Graph Implementation¶

How are Graphs Given as Input?¶

A standard method for inputting graphs, commonly used in competitive programming problems, is as follows: the first line gives you the number of vertices and the number of edges. Subsequently, for each of the 'number of edges' lines, the two endpoint vertices of that edge are written. For example:

5 6
1 2
1 3
1 4
2 5
4 5
3 4

is a 5-vertex, 6-edge graph. For instance, the degree of vertex number 4 is 3. You can view the above graph graphically using the web application https://csacademy.com/app/graph_editor/

Adjacency List¶

Although we can store a graph as an array of edges, this storage method is not suitable. This is because if we want to access the neighbors of a vertex, we would have to traverse all edges, which is unacceptable in many use cases.

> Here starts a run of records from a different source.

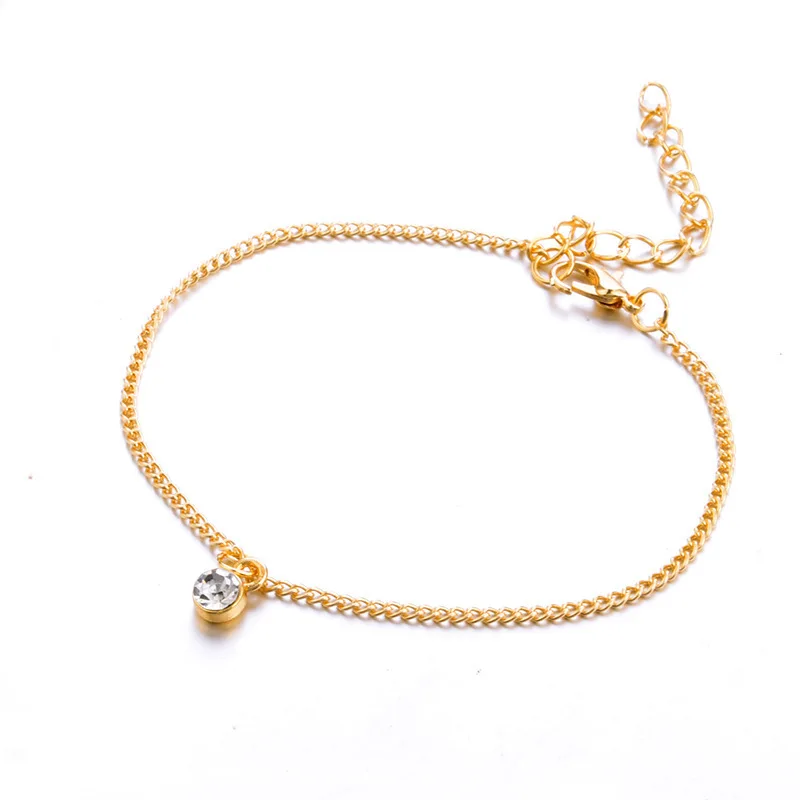 Женский браслет с кристаллами в виде бабочки и сердца 4 штуки золотого цвета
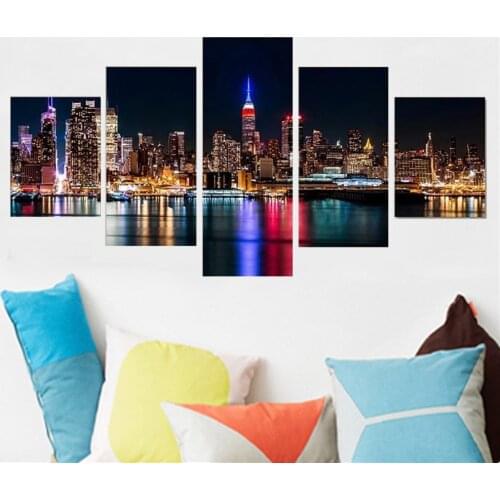 5 Piece Wall Art Canvas Painting Landscape City Night View Poster Nordic Decoration Home Living Room Bedroom Pictures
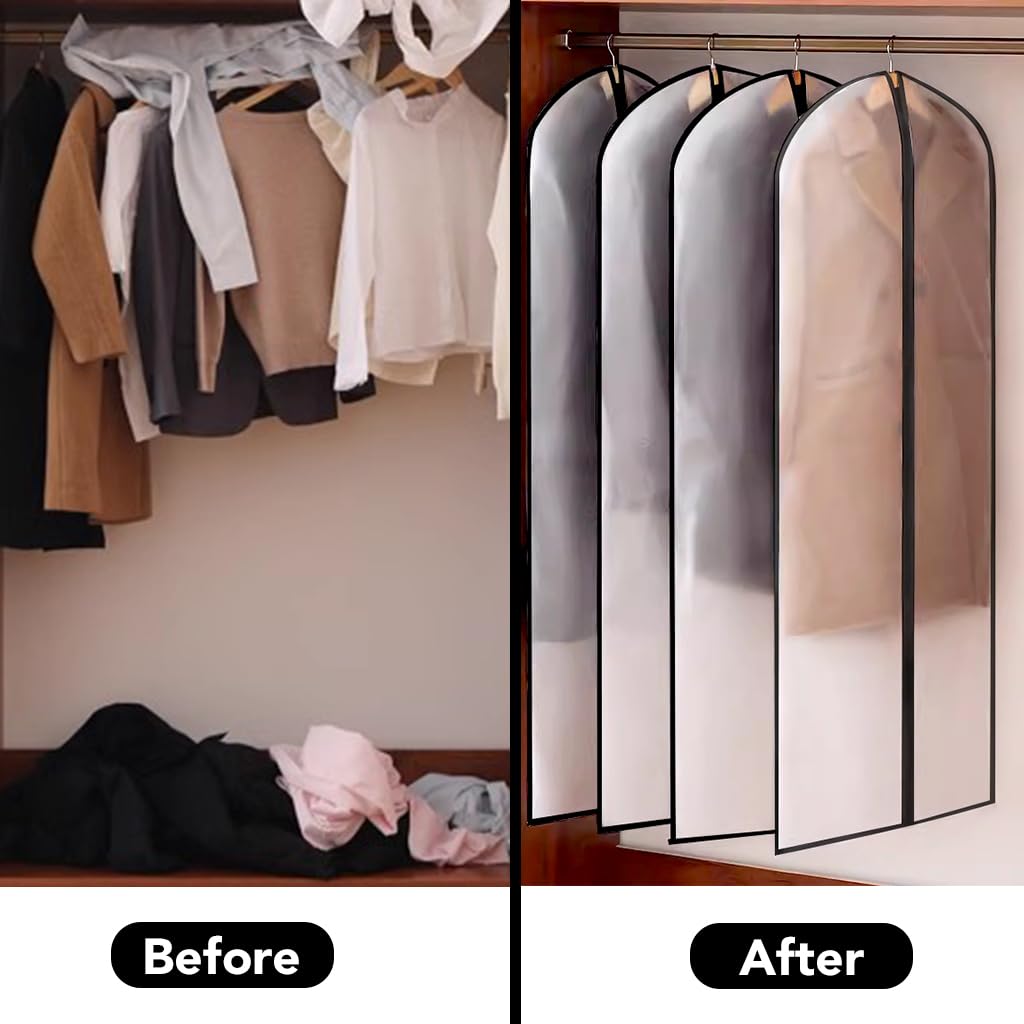Garment Bags,5PCS Dustproof Garment Covers PEVA Translucent Clothes Covers with Zip Moth Proof Suit Protector Bags Waterproof Dress Covers for Shirts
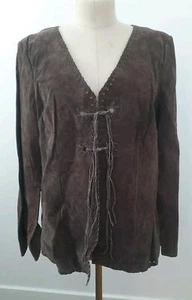 Chaqueta de Cuero Gamuza Gloria Desteñida De Colección Talla L Marrón Oscuro Cuello en V Boho Western - Imagen 1 de 13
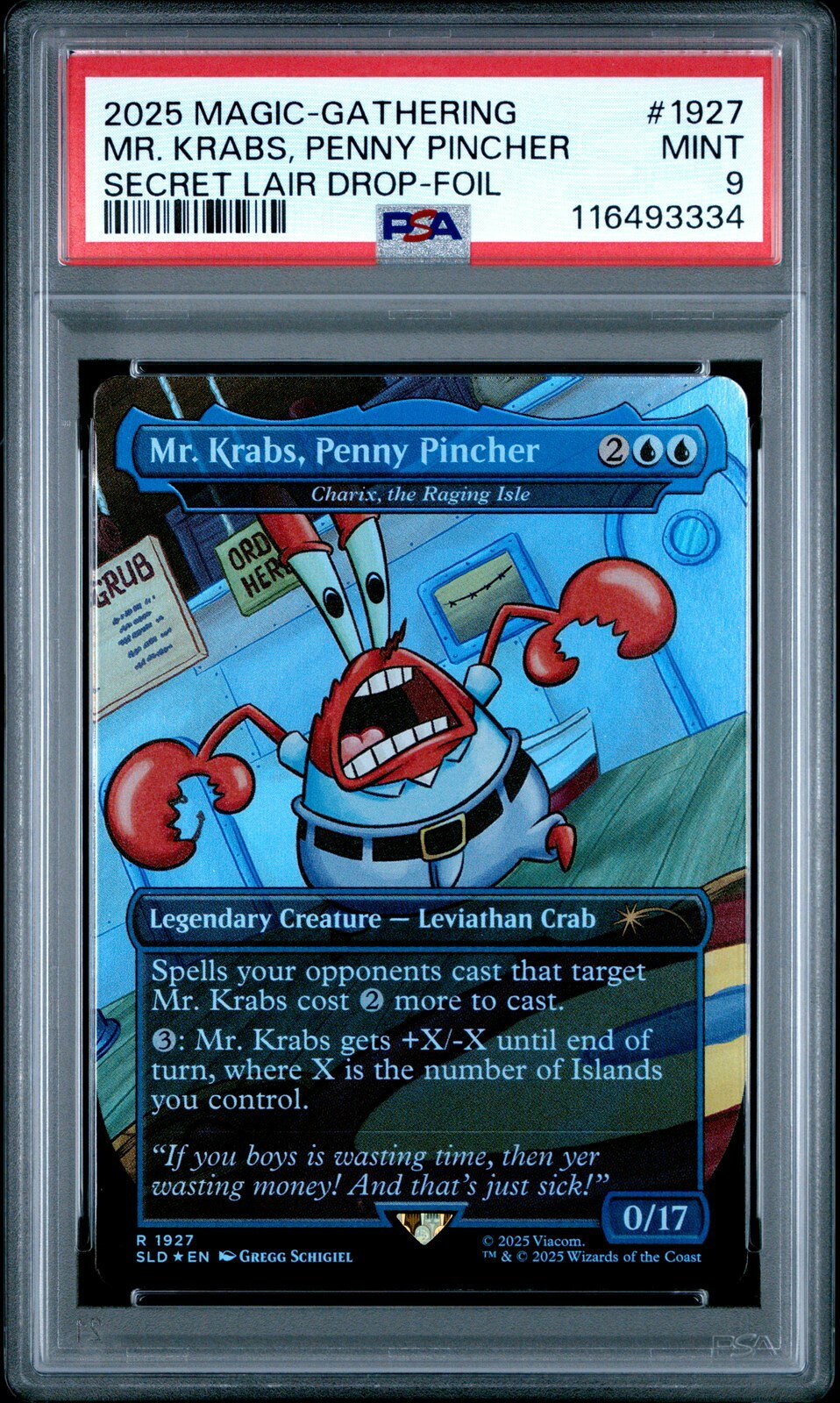 MTG英語版 2025 Secret Lair Drop Mr. Krabs, Penny Pincher #1927 PSA 9 鑑定済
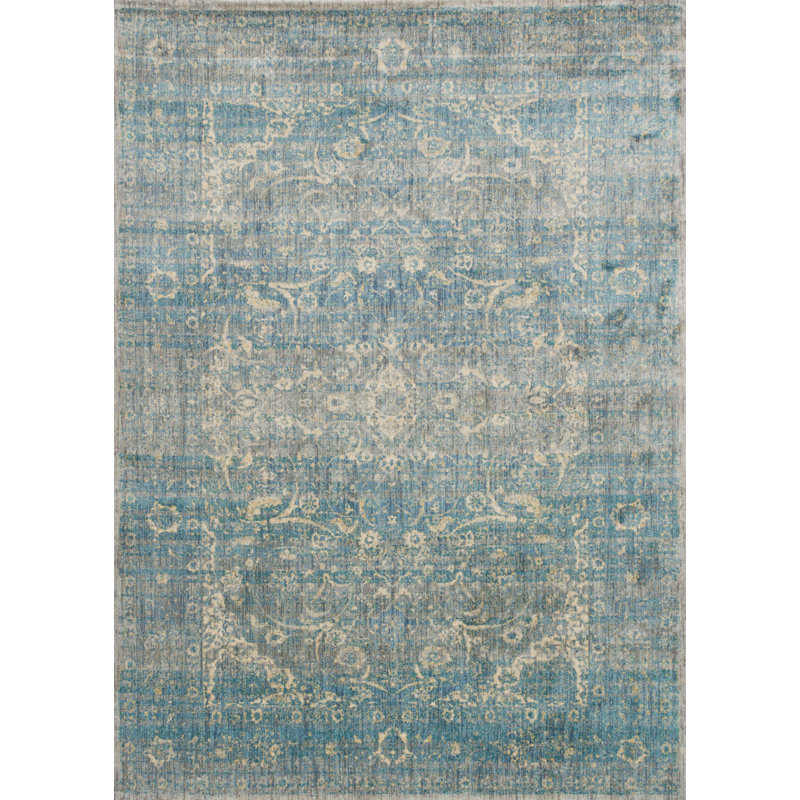 Tapis bleu sarcelle / beige Goggin, Rectangle 9 pi 6 po x 13 pi
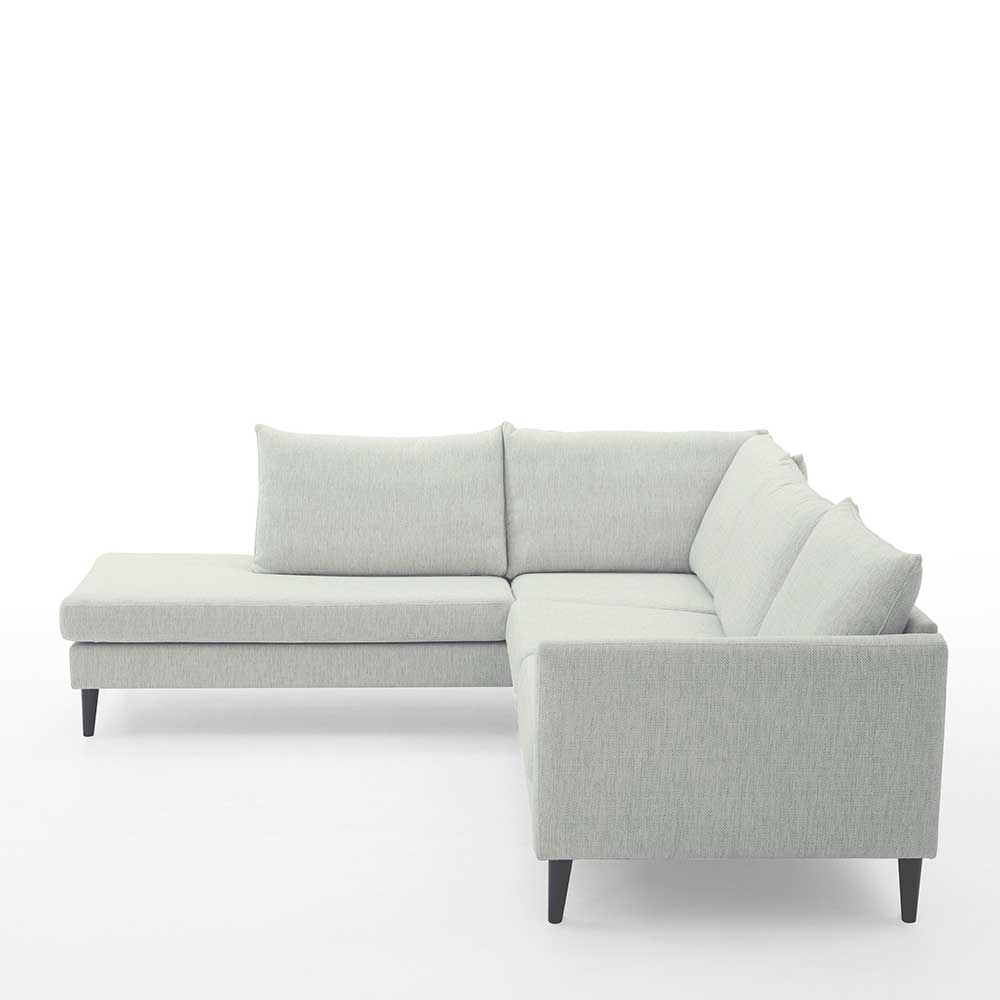 Skandi Design Ecksofa Offwhite Ratisca aus Webstoff mit Gestell aus Holz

A better method is the adjacency list. An adjacency list refers to a list that stores the connections (neighboring vertices that are connected by an edge to this vertex). In this method, for each vertex, we maintain a variable-sized array, or a vector in C++, and store the list of neighbors for that vertex within it. The code for this method will be as follows:

const int M = 1e5 + 5; // maximum possible number of vertices, given in the problem

vector<int> list_peyvandi[M];

int main() {
  int n, m;
  cin >> n >> m;
  for (int i = 1; i <= m; i += 1) {
    int u, v;
    cin >> u >> v;
    list_peyvandi[u].push_back(v);
    list_peyvandi[v].push_back(u);
  }
}

The advantages of this method are, first, that neighbors of a vertex can be traversed in time proportional to the degree of that vertex, and second, its memory and execution time are \(O(N+E)\). (Note that in the previous chapter, we learned that the sum of degrees of all vertices is twice the number of edges.) This linear time complexity is the best achievable because the input operation itself takes this much time.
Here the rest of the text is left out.